「流行りも廃りも関係ない。新しくもなければ古くもない。ずっと現在進行形で存在し続ける」。ロックンロールのすごいところは? と訊かれたワタナベマモルの回答である。この言葉は彼の体現する音楽性そのものと言えるだろう。ビートルズ、ストーンズ、キンクス、フィールグッド、ホットロッズ、クラッシュ、ラモーンズ...十代の頃から憧れ続けるバンドの音とスタイルを咀嚼して奏でられるマモル&ザ・デイヴィスのロックンロールは旨み成分が凝縮、これまで生きてきた歳月を養分にしたコクと深み、熟成されたしぶとさがある。シンプルだけど奥深い。単純だけど複雑。カウンターだけどポップ。その割り切れなさはロックンロールのステキな矛盾。すべてを包み込むような鷹揚とした佇まいの最新作『3Girls』をめぐり、ワタナベマモルの創造の源にあるものに迫った。(interview:椎名宗之)
アルバムを作ってツアーをやり続けるのが変わらぬ目標
──「MAGIC TONE RECORDS」を立ち上げてから今年で丸10年になるんですね。
ワタナベマモル:そうなんだってね。ディストリビューションをお願いしてるROLLER☆KINGの川戸(良徳)くんに言われて気づいて、もうそんなに経つのかと思って。自分としてはただ必死にやってきただけかな。CDを作ってツアーを回って、同じことをずっと繰り返しやってきたら10年経ってた感じですね。
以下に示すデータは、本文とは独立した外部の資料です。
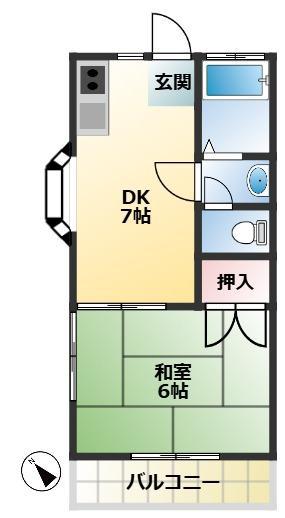 領家レジデンス(1DK/2階)の間取り写真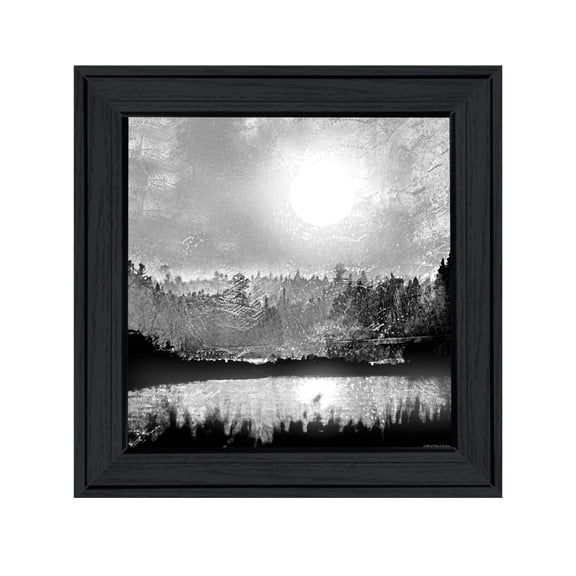 Trendy Decor 4U "Big Moon Lake" Framed Wall Art, Modern Home Décor Black Framed Print for Living Room, Bedroom & Farmhouse Wall Decoration by Bluebird Barn 15"x15"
──この10年の間にCDを10枚、DVDを2枚リリースしてきたわけですから、相当なハイペースですよね。
マモル:「MAGIC TONE RECORDS」をやる前に「SIMPLE RECORDS」というレーベルを数年間やってたんだけど、当時はCDを一般流通できてなかったんですよ。ロフトレコードでCDを2枚(『想像しよう』、『R&R HERO』)出してもらって以降はね。僕はいつもいろんなところで言ってるんだけど、アルバムを作ってツアーをやって、それで人生を終えたいんです。できる限り曲を作ってね。それがずっとやりたかったことだし、ずっと変わらない目標なんですよ。
──当たり前のことを当たり前のようにやることが大事であると。
マモル:目標がなくなると、自分が音楽をやってる意義がなくなってしまうって言うかね。アルバムを作らないでツアーに行くよりも、アルバムを作ってツアーに行くほうが全然楽しいんですよ。ライブで新曲をやるのも常に楽しいしね。3年も4年もリリースがなかったら自分はどうなってしまうんだろう? って思うし、ライブにも気持ちが入りにくい。それは、コンスタントにCDを作ってツアーを回ることができなかった時代が悔しかったのもありますね。
──いまのリリース・ペースは息を吸ったら吐くように、ごく自然な感じなのがマモルさんらしいなと思って。
マモル:1年なり1年半なりの間に自分のなかで吹き溜まったものを吐き出すと言うか、その間に感じたもの、その時に一番言いたいことを新しいアルバムに注ぎ込む感じです。言ってること自体は30年以上変わらないんですけどね。
──グレイトリッチーズ時代も含めて、マモルさんの音楽人生のなかでこの10年が一番充実しているように見えますね。
マモル:うん。生活もあるのでやらないかんっていうのもあるし、もうちょっと売れればいいなとは思うんですけどね。演奏の技術とかはもう大して向上しないんだろうけど、アルバムを作ってライブをやる自分の音楽力みたいなものはこの10年でだいぶ向上した気がします。職人の感がかなり研ぎ澄まされてきたって言うか。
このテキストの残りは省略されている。